The thing that confuses me, to a degree at least, is the fact that the very people who want to keep gay minsters silent (effectively living a lie in order to follow the call which God has put upon their heart) would also recognize how important it is to live a life that is real and honest if you ever hope to grow closer to God. Some of them may even go as far as to agree that the ability to fully be who God made you to be and to be fully loved at the same time is a gift of the grace of God. Yet, they are not willing to extend that same grace for a specific group of people: gays called into ministry.

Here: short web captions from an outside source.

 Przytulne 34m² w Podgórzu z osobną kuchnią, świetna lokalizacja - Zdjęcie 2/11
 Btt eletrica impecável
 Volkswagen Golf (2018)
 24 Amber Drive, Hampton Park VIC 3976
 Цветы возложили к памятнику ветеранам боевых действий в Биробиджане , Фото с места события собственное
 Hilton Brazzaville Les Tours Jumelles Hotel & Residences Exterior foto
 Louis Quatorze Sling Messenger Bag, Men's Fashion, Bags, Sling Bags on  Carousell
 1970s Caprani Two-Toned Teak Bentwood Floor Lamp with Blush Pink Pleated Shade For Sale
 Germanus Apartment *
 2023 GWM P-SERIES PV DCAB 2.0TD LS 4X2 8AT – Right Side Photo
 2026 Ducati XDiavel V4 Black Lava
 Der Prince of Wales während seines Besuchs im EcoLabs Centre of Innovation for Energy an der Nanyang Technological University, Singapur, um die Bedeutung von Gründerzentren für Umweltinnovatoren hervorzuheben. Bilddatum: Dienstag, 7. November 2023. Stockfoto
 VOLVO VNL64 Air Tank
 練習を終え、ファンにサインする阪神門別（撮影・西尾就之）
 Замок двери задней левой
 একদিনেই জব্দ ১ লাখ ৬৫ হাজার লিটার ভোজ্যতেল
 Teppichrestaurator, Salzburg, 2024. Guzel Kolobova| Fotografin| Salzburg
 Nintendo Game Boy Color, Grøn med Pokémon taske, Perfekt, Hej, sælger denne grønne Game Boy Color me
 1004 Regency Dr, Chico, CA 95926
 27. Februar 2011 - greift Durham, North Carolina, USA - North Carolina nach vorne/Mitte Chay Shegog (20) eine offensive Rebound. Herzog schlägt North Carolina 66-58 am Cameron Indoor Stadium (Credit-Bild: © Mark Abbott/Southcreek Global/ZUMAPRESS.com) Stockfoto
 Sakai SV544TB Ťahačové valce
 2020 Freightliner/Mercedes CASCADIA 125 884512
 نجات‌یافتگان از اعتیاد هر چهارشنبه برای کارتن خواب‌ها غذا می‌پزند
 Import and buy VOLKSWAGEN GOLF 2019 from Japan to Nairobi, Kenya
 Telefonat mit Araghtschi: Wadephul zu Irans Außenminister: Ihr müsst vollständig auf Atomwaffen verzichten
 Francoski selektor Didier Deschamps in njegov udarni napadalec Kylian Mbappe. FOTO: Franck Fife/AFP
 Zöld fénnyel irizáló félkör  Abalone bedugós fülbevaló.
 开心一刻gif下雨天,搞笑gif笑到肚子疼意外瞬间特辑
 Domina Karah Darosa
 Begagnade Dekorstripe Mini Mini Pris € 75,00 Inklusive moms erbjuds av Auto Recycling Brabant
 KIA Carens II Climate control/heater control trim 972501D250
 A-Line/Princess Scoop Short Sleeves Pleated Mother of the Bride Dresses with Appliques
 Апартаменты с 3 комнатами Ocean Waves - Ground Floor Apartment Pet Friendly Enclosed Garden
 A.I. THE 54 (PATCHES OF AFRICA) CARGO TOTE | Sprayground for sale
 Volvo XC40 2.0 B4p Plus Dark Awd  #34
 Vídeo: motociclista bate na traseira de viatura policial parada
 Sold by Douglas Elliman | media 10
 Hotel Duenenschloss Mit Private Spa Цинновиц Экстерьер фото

No single group is as marginalized in the Christian church, particularly in relationship to ordination, as the gay community. Interestingly enough, the only thing Jesus ever said about homosexuality was, “‘You shall love your neighbor as yourself.’ There is no other commandment greater than these.” Oh wait, that wasn't about homosexuality at all, was it? Come to think of it, that was about all of us, wasn't it? Well, food for thought nonetheless.
At some point, those who stand against ordaining people whose sexual orientation happens to be homosexual are going to have to admit that they believe two things that most of the rest of the Christian community do not see as core values in the teachings of Jesus: 1) that God's love comes in degrees; that God loves some people more than others; that if you are gay you are less worthy of that love and hence less capable of being called into ministry and 2) they personally know better than the individual who feels called into ministry whether or not God is actually calling them into ministry.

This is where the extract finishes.